* **Aim of the exercise**: For this listing, reproduce the line with "We are located", the line with "The first paper", and the lines between, exactly as they stand. Leave out pictures and all other lines.

* **Extracted material**:
============

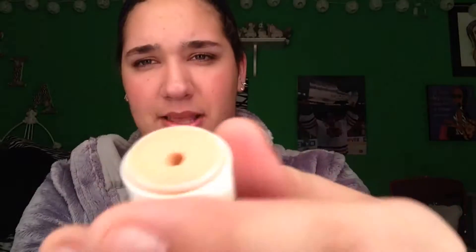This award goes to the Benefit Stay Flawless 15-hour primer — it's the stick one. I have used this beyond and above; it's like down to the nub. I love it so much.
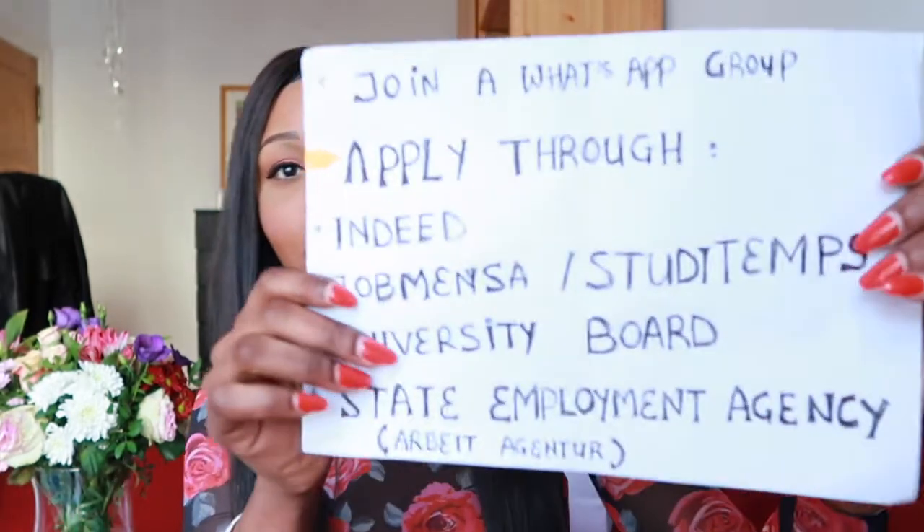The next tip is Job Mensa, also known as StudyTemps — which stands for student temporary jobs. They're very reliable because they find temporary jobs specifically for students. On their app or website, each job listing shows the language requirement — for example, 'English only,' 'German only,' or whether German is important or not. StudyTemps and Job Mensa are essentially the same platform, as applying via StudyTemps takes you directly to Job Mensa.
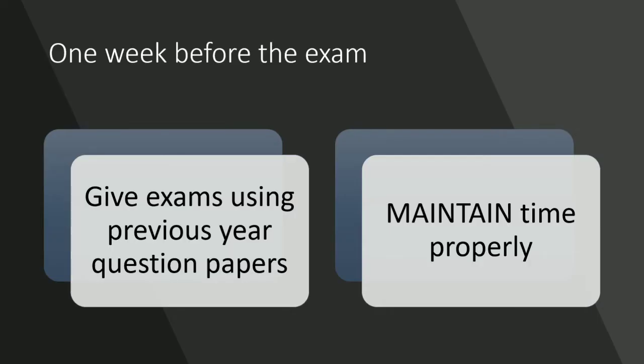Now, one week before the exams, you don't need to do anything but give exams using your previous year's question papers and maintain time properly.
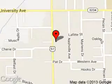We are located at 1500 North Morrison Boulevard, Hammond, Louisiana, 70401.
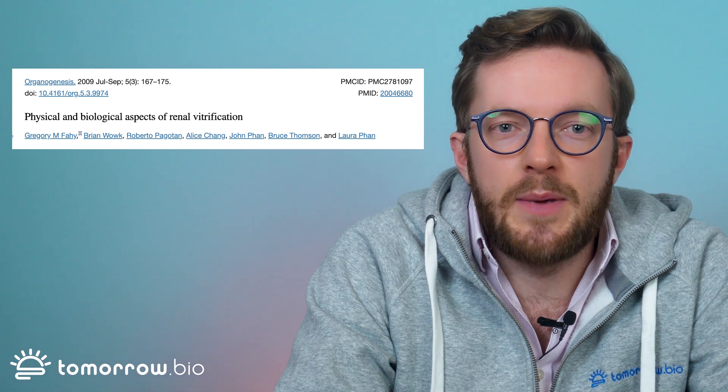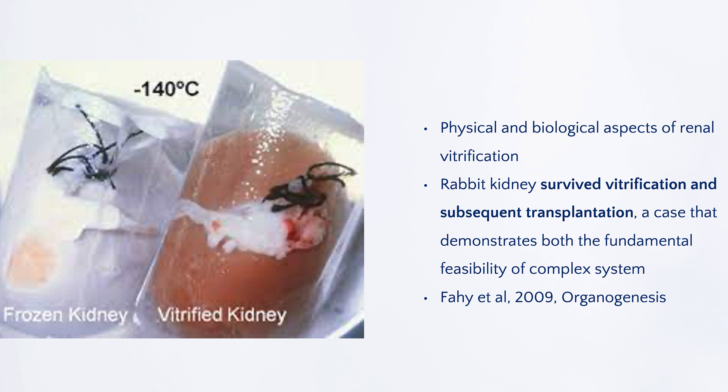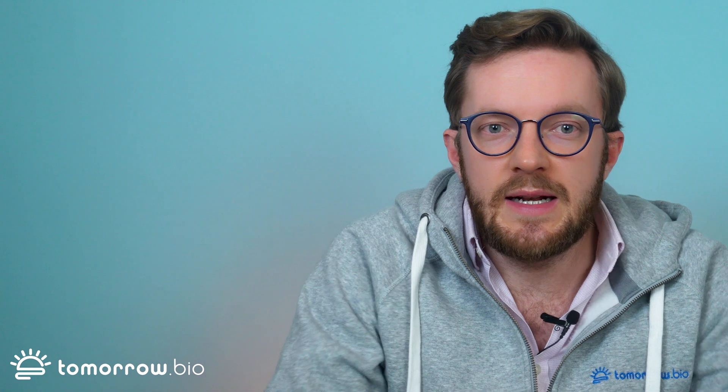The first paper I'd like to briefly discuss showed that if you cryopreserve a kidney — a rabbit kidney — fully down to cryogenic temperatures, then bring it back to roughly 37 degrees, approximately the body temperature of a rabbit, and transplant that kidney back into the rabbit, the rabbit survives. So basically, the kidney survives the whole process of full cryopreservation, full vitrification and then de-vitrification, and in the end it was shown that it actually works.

============

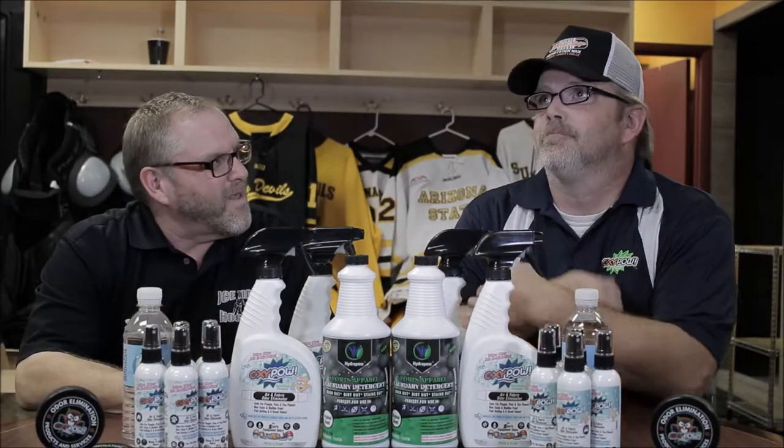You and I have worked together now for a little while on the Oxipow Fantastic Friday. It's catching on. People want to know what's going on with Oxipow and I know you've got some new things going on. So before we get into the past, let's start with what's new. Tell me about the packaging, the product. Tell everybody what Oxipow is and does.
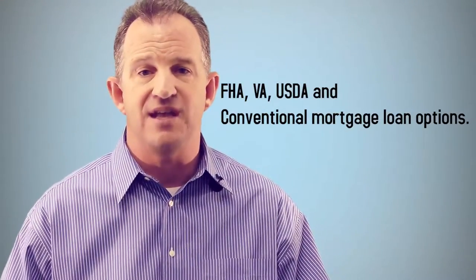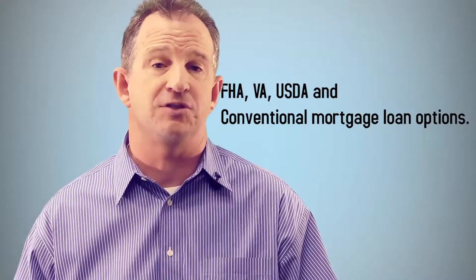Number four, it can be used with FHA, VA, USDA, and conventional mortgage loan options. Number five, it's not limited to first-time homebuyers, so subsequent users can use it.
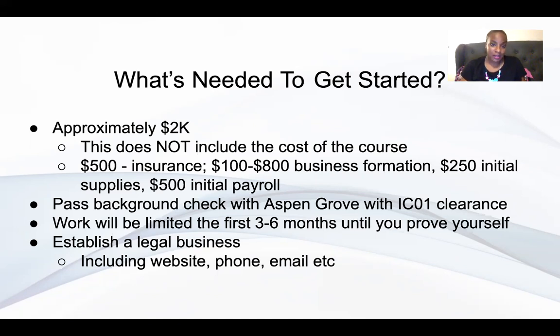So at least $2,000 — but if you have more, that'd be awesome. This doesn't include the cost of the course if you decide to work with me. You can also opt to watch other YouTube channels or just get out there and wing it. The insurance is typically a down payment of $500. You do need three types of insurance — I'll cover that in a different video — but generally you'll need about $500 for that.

============

* **Answer space**:
We are located at 1500 North Morrison Boulevard, Hammond, Louisiana, 70401.
The first paper I'd like to briefly discuss showed that if you cryopreserve a kidney — a rabbit kidney — fully down to cryogenic temperatures, then bring it back to roughly 37 degrees, approximately the body temperature of a rabbit, and transplant that kidney back into the rabbit, the rabbit survives. So basically, the kidney survives the whole process of full cryopreservation, full vitrification and then de-vitrification, and in the end it was shown that it actually works.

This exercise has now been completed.